DATA PROVIDED:
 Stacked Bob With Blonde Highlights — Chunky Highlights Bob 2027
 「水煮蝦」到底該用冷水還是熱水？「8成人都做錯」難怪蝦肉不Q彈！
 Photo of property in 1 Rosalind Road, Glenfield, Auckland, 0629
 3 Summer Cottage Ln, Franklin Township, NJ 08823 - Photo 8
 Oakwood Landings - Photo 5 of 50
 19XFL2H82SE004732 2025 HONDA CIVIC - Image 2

* * *

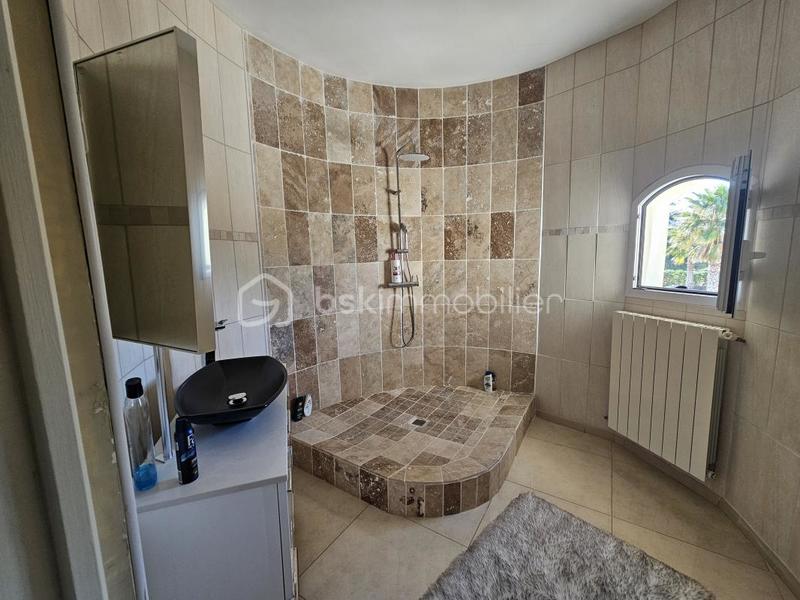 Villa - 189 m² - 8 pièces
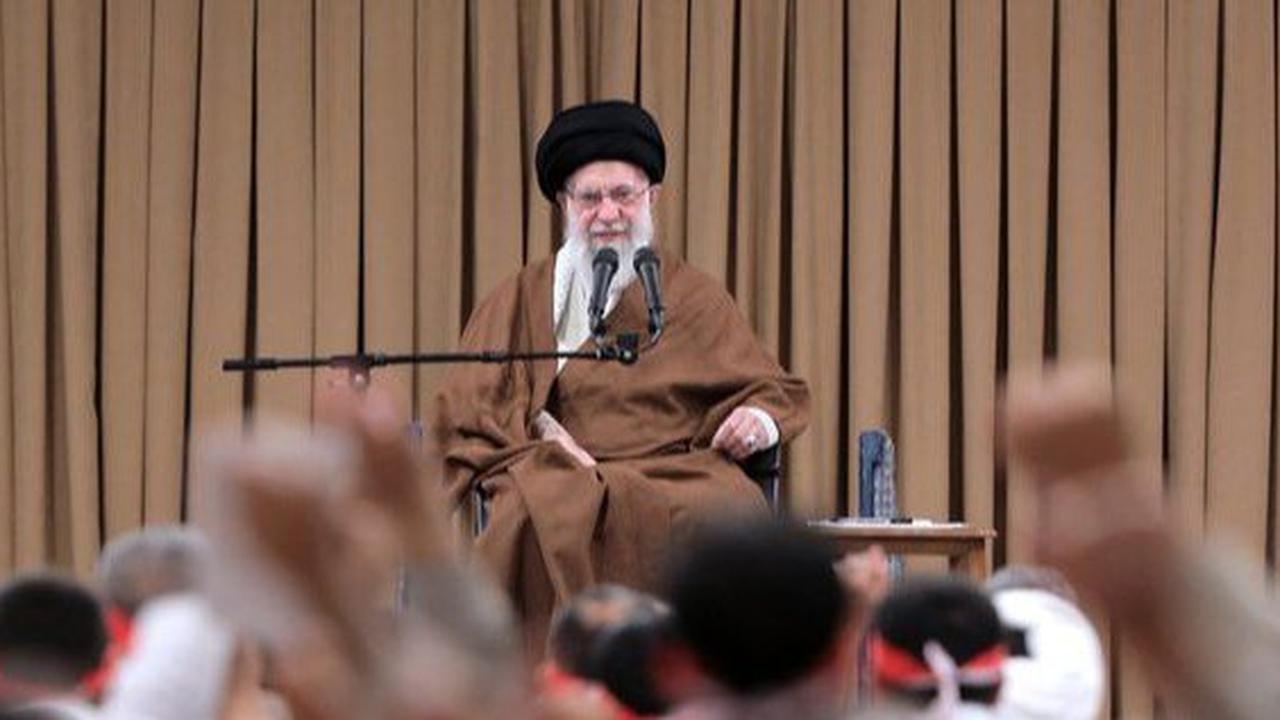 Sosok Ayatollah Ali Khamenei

PROBLEM DETAILS: Extract every line above that contains the word "Photo".

WRITTEN REPLY:
 Photo of property in 1 Rosalind Road, Glenfield, Auckland, 0629
 3 Summer Cottage Ln, Franklin Township, NJ 08823 - Photo 8
 Oakwood Landings - Photo 5 of 50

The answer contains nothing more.